Next stop was the online BT directory enquiries and once I was confident I had the right ‘Tibbs’ I wrote a letter. A few days later Michael and I were exchanging emails, and he was generously answering some questions about Operation Rimau. A copy followed of his excellent war memoir, Hello Lad, Come to Join the Navy? in which Michael described his three years’ service on cruisers and destroyers in the Mediterranean, Atlantic and Arctic before joining Tantalusin the summer of 1943. The chapter of most interest to me recounted Michael’s minor role in Operation Rimau.

The Tantalus sailed from Western Australia on 16 October, 1944 on its sixth war patrol under the command of Lt Commander Hugh ‘Rufus’ Mackenzie, DSO. It would become an epic patrol that covered 11,600 miles and lasted 51 days.


 Hugh ‘Rufus’ Mackenzie, commander of HMS Tantalus, seen here during the war, was a charismatic officer who inspired his crew. (IWM A 10254)

Once the submarine reached its operational area, Tantalus patrolled the waters off Borneo and Malaysia and sunk two vessels in three weeks. Tantalus wasn’t always the hunter; on one occasion the sub was depth-charged by two Japanese destroyers and for two hours they played cat and mouse at a depth of only 50ft. ‘I thought it was the end,’ reflected Tibbs. ‘But thanks to Rufus, it was not.’ Mackenzie barked orders with cool precision so that the submarine kept just ahead of the falling charges. 

On 11 November the Tantalus launched a surface attack against the Pahang Maru and captured nine crew and a Japanese soldier. (Author’s Collection - Courtesy of Jeremy Chapman)

Tibbs celebrated his 23rd birthday on 21 November, just as Tantalus neared Merapas to fulfil its rendezvous with the Rimau commandos. As a birthday treat, Tibbs asked Mackenzie if he might accompany the two Z Special Unit soldiers whose task it was to canoe to the island to collect their comrades.

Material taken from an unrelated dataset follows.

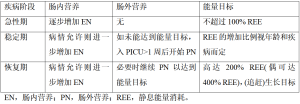 Click on image to zoom 表5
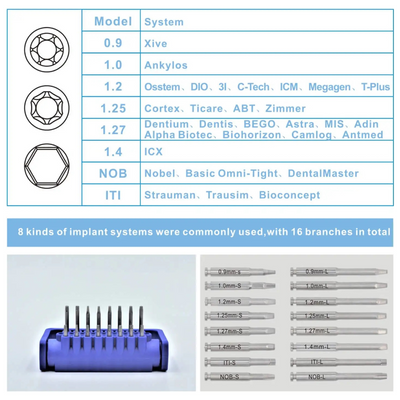 Dental Implant Torque Wrench Universal Kit (contra angle type) Wrenches by UDS- Unique Dental Supply Inc.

’I had to remove all badges of rank, all identity disks and everything like that and wear something very dark,’ recalled Tibbs, who complied with the instructions, cutting off an end of his scarf to use as a cap comforter. He was also given a cyanide capsule, for use ’to avoid you being captured and questioned.’

Perhaps the mention of the suicide pill – standard issue to all members of Z Special Unit – unnerved Mackenzie, for he changed his mind and ordered his lieutenant to remain on board Tantalus. ‘The risk,’ Tibbs was informed, ‘was not justifiable’.

Tantalus spent 21 November reconnoitring Merapas from below the surface, coming in as close as 1,000 yards. ’Nothing suspicious was seen but there were no signs of the party,’ wrote Mackenzie in his report. That evening the two soldiers, Englishman Walter Chapman and Australian Ron Croton, paddled ashore in a canoe, laden with compo rations and a silent Sten gun each.

Walter Chapman on Merapas as photographed by Ron Croton, a picture probably taken from the east coast looking west, with Wild Cat Hill in the background. (Author’s Collection - Courtesy of Jeremy Chapman)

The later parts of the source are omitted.